2013-05-22 5.554824 NaN ... NaN 6.803052
2013-05-23 8.440801 NaN ... NaN 2.756443
2013-05-24 0.968086 NaN ... NaN 0.430184
2013-05-25 0.672555 NaN ... NaN 5.461017
2013-05-26 5.273122 NaN ... NaN 6.312104
How could I groupby year-month and drop columns with all NaNs, then rename the rest columns by ie., top_1, top_2, ..., top_k?
The final expected result could be like this if k=2:
Pseudocode:
df2 = df.filter(regex='_mape$').groupby(pd.Grouper(freq='M')).dropna(axis=1, how='all')
df2.columns = ['top_1', 'top_2', ..., 'top_k']
df.join(df2)
As #Quang Hoang commented in the last post, we may could use justify_nd to achieve that, but I don't know how.

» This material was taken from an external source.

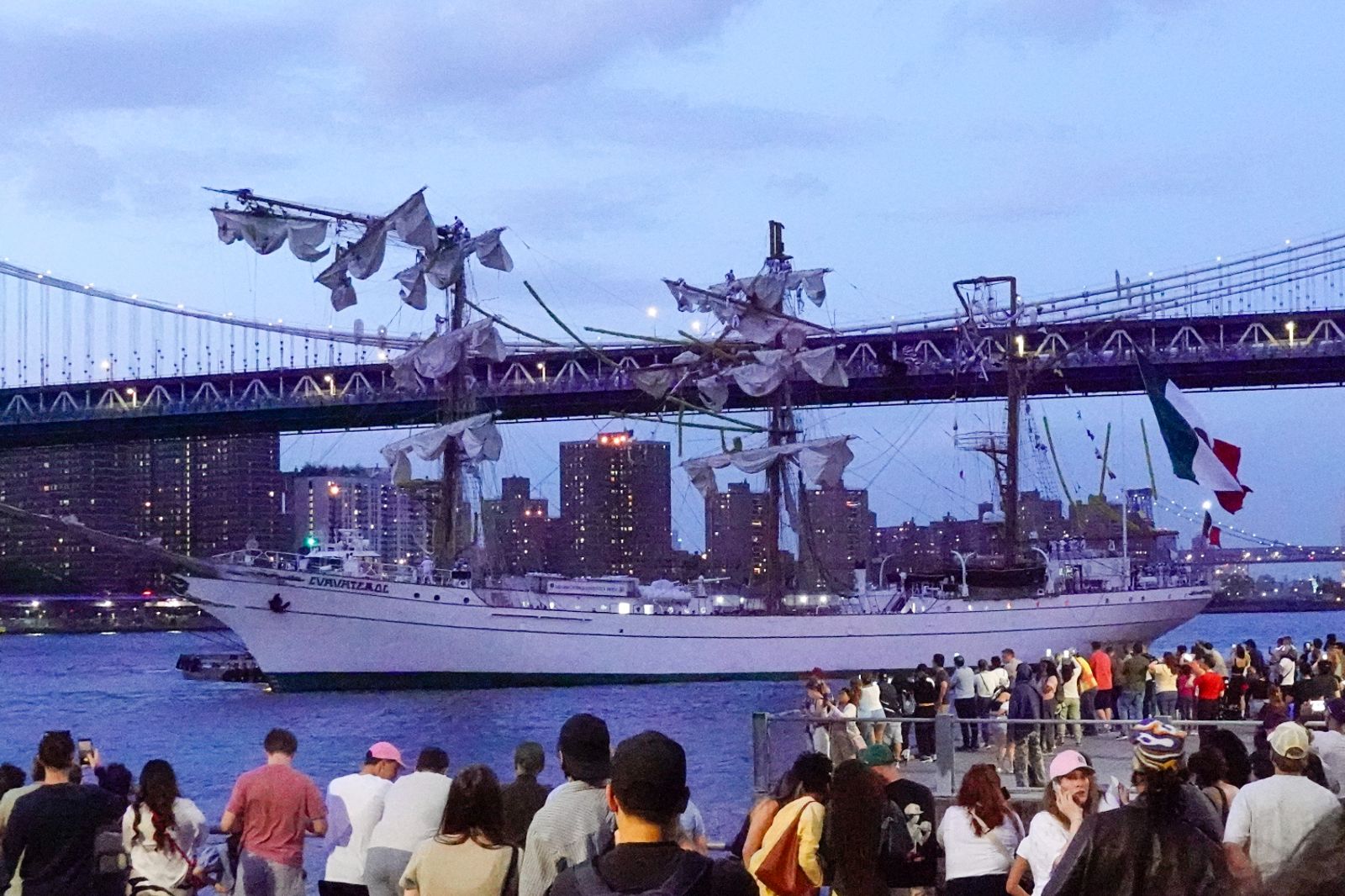 墨西哥「大型艦艇」撞上紐約布魯克林大橋！釀2死19傷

Thanks for your help at advance.
EDIT:
dates = pd.date_range('20130226', periods=90)
df = pd.DataFrame(np.random.uniform(0, 10, size=(90, 6)), index=dates, columns=['A_values', 'B_values', 'C_values', 'D_values', 'E_values', 'target'])
models = df.columns[df.columns.str.endswith('_values')]
k = 2
n = len(models)
def grpProc(grp):
err = mape(grp[models], grp[['target']])
# sort_args = np.argsort(err) < k
# cols = models[sort_args]
cols = err.nsmallest(k).index
out_cols = [f'top_{i+1}' for i in range(k)]
rv = grp.loc[:, cols]
rv.columns = out_cols
return rv
wrk = df.groupby(pd.Grouper(freq='M')).apply(grpProc)
res = df[['target']].join(wrk)
print(res)
Out:
target top_1 top_2
2013-02-26 1.281624 6.059783 9.972433
2013-02-27 0.585713 1.789931 0.968944
2013-02-28 9.638430 9.623960 6.165247
2013-03-01 1.950960 4.521452 5.693051
2013-03-02 0.690563 5.178144 7.322250
... ... ...
2013-05-22 5.554824 3.864723 6.803052
2013-05-23 8.440801 5.140268 2.756443
2013-05-24 0.968086 5.890717 0.430184
2013-05-25 0.672555 1.610210 5.461017
2013-05-26 5.273122 6.893207 6.312104

Actually, what you need is, for each group (by year / month):
compute errors locally for the current group,
find k "wanted" columns (calling argsort) and take indicated
columns from models,
take the indicated columns from the current group and rename them to top_…,
return what you generated so far.
To do it, define a "group processing" function:
def grpProc(grp):
err = mape(grp[models], grp[['target']])
sort_args = np.argsort(err) < k
cols = models[sort_args]
out_cols = [f'top_{i+1}' for i in range(k)]
rv = grp.loc[:, cols]
rv.columns = out_cols
return rv
Then, to generate top_… columns alone, apply this function to each group:
wrk = df.groupby(pd.Grouper(freq='M')).apply(grpProc)
And finally generate the expected result joining target column with wrk:
result = df[['target']].join(wrk)
First 15 rows of it, based on your source data, are:
target top_1 top_2
2013-02-26 1.281624 6.059783 3.126731
2013-02-27 0.585713 1.789931 7.843101
2013-02-28 9.638430 9.623960 5.612724
2013-03-01 1.950960 4.521452 5.693051
2013-03-02 0.690563 5.178144 7.322250
2013-03-03 6.177010 8.280144 6.174890
2013-03-04 1.263177 5.896541 4.422322
2013-03-05 5.888856 9.159396 8.906554
2013-03-06 2.013227 8.237912 3.075435
2013-03-07 8.482991 1.546148 6.476141
2013-03-08 7.986413 3.322442 4.738473
2013-03-09 5.944385 7.769769 0.631033
2013-03-10 7.543775 3.710198 6.787289
2013-03-11 5.816264 3.722964 6.795556
2013-03-12 3.054002 3.304891 8.258990
Edit
For the first group (2013-02-28) err contains:
A_values 48.759348
B_values 77.023855
C_values 325.376455
D_values 74.422508
E_values 60.602101
Note that 2 lowest error values are 48.759348 and 60.602101,
so from this group you should probably take A_values (this is OK)
and E_values (instead of D_values).
So maybe grpProc function instead of:
sort_args = np.argsort(err) < k
cols = models[sort_args]
should contain:
cols = err.nsmallest(k).index

Related

How to change float to date type in python? (ValueError: day is out of range for month)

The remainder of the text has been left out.